What happened at the LGBT festival “Light of the East” in the Far East of Russia

On February 18, the participants of the winter LGBT festival “Light of the East” were detained by the police for several hours. The police and unknown individuals accompanying them unlawfully held and searched the participants. 

On the evening of February 18, 15 people, mostly dressed in civilian clothes, entered the auditorium where the closing ceremony of the festival was being conducted.  They demanded to have the music switched off and the lights turned on, and made all the participants stand along the wall. The intruders did not present any documents that could confirm the lawfulness of their actions, stating they were going to check everyone for drugs and see if any minors were present in the auditorium. The visitors behaved in a rude and aggressive manner.

Some of the visitors provided police officer identification documents, while others refused to say who they were. As it turned out later, there was even a journalist among them, and the participants were being detained by two GIBDD officers dressed in uniform. The visitors were reacting aggressively to objections, and were shouting.

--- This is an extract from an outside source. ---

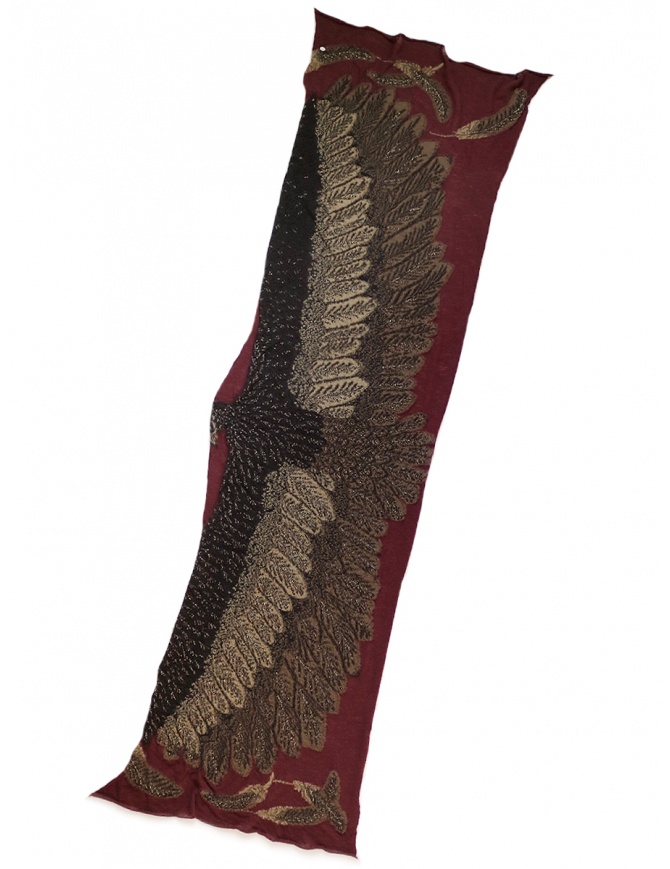 Kapital sciarpa con aquila marrone e burgundy EK-972 ENJ sciarpe online shopping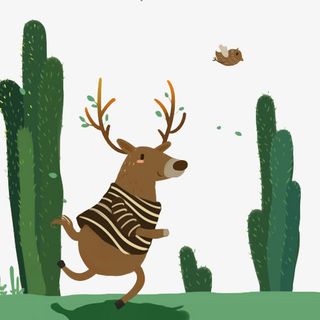 卡通奔跑的麋鹿免抠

Only a few of the intruders presented police officer identification documents - Police Lieutenant Kniazev Ivan Viktorovich, Police Captain Zaitsev Aleksei Sergeevich, Kornetskii Vasilii Valentinovich, Noskov Pavel Andreevich, Radchuk Natalia Olegovna, Meleshin Vadim Anatolevich.

The festival participants were locked up for about two hours, and were only allowed to go get their passports accompanied by one of the policemen. The police officers conducted an unlawful search of personal belongings, and searched the rooms occupied by the participants. All possible procedural rules were violated - no protocols were prepared, and no witnesses were invited. Moreover, according to one of the eye-witnesses, “they didn’t only search my personal belongings, but also those of other participants who were not present in the room at that moment. The intruders  looked into bags and lifted mattresses without asking permission, and they also searched two young men by touching them and putting their arms under their clothes. The policemen rejected all objections, saying “We don’t know anything, call our senior officers.” However, they did not give any phone numbers or say what departments they were from.  They began to release the people around midnight.

According to Kristina Solonenko, one of the festival’s organizers, “It was just scandalous, and it’s impossible to talk about respecting human rights when people are treated like cattle. We are law-abiding and conscientious citizens. It would have been enough to call me to the side, all the participants were ready to show their passports, and it would have been easy for the policemen to make sure that events of this kind have nothing to do with drugs.”

The second winter LGBT festival took place on February 17-18 at a recreational centre in the suburbs of Vladivostok. The program of the festival included various events dedicated to feminism, women’s rights and LGBT rights, different activities and games. 38 people had come from Vladivostok and Nakhodka to participate in the festival.